As the nation prepares for elections later this year, the khwaja saras (who are also known as hijras) have taken this opportunity to make a plea for political patronage in a Muslim-majority country that sees them ironically as both playthings and monstrosities.
“Our votes can make a difference and help to highlight the difficulties facing our community,” says Aashee Butt, president of the Be-Ghr (Homeless) foundation. “We are not merely born for entertainment.”
Butt’s comments came amid a conference on this year’s elections organized by the Centre for Human Rights Education (CHRE).
The conference aimed to encourage greater participation of religious minorities and other marginalized communities in upcoming elections.
Butt noted, however, that the so-called “third gender” appeared nowhere in election manifestos presented at the conference by political parties and NGO representatives.
They remain politically invisible despite a Supreme Court ruling in 2011 that transsexuals be included as a category in the National Database and Registration Authority, which issues national identity cards.
The apex court’s ruling further gave transsexuals the right to vote, which sparked excitement among the community that has for decades demanded legal protections against the sexual humiliation they say they regularly endured within educational and health institutions.

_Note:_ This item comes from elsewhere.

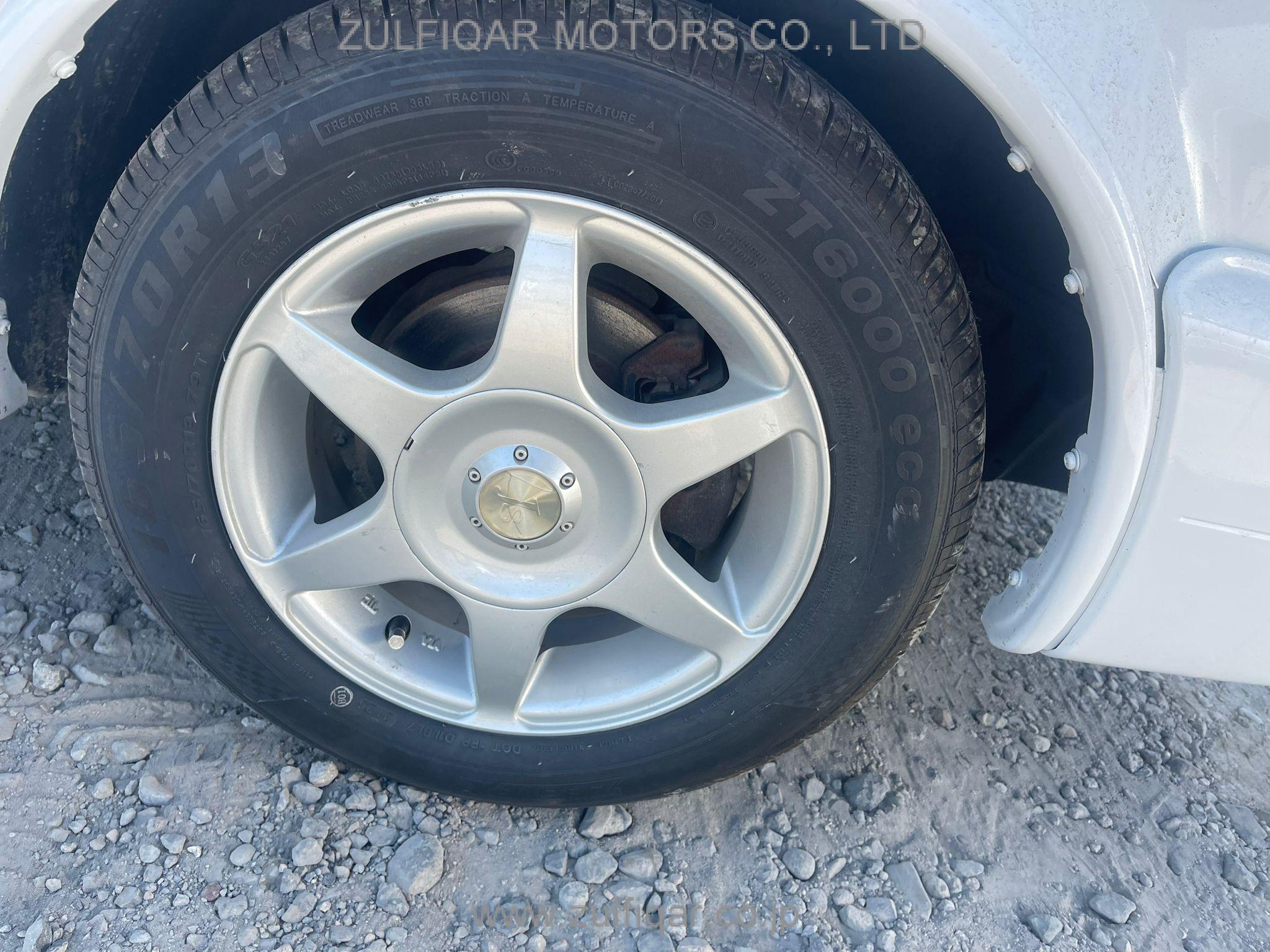 NISSAN MARCH 1989 Image 8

A few in the transsexual community even announced that they would run for political office as independent candidates after the court ruling, but the excitement quickly passed.

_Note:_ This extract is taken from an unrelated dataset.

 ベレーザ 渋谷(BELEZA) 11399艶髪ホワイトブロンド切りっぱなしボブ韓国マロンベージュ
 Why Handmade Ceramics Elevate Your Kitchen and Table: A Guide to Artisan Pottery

“I was mocked and discouraged after a few television appearances,” said Almas Bobby, who announced that she would contest National Assembly elections against cricketer-turned politician Imran Khan in 2011.
She added that the government’s failure on a variety of social and political issues gave it little ground to dismiss the aspirations of the transsexual community out of hand, many of whom believe they can make substantive contributions to the betterment of society.
“The ruling elite has failed the country on issues like terrorism, energy and inflation. Our VIP culture and rampant corruption have eaten away our assets,” she said.
Bobby said the transsexual community is much more liberal and secular-minded, which is vital for progress in the country.
“We need someone in the upper house who has been in the streets and who thinks beyond his family, someone who can generate job opportunities for us and convince others to treat us as human beings. A transsexual is the best option for this.”
Transgender advocates say the government has been much more open to even smaller communities than theirs – evidence, they say, of deeply held prejudices.
They point to data from the Election Commission of Pakistan, which lists 687 eunuchs as having registered to vote.
Pakistan has an estimated 80,000 transsexuals, though actual figures are difficult to determine, and advocates say that this constitutes an effective electoral voice for transgender issues.
“Their actual population is even higher. Major political parties can make use of this bank in the election race, where every vote counts,” said Samson Salamat, director of CHRE.
“Political parties should open membership to the transgender community and should also, wherever possible, award party tickets to contest elections or include them on special seats for parliament,” he added.
Pakistan’s transsexuals live largely in the shadows. While advocates say political empowerment is necessary, they add that its effects would be minimal without addressing the underlying hatred and discrimination that remains deeply entrenched in the country’s conservative culture.